____ Available data
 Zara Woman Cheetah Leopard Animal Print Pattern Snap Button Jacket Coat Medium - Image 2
________
____ Available data
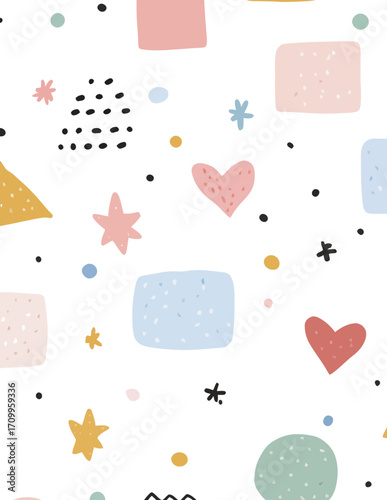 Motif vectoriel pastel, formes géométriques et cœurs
________
____ Available data
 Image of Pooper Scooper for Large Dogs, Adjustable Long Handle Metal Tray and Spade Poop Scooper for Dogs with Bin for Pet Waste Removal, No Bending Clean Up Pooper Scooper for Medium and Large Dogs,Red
________
What is required:
Pull out each line of the records holding the string "Medium".

Solution for this problem:
 Zara Woman Cheetah Leopard Animal Print Pattern Snap Button Jacket Coat Medium - Image 2
 Image of Pooper Scooper for Large Dogs, Adjustable Long Handle Metal Tray and Spade Poop Scooper for Dogs with Bin for Pet Waste Removal, No Bending Clean Up Pooper Scooper for Medium and Large Dogs,Red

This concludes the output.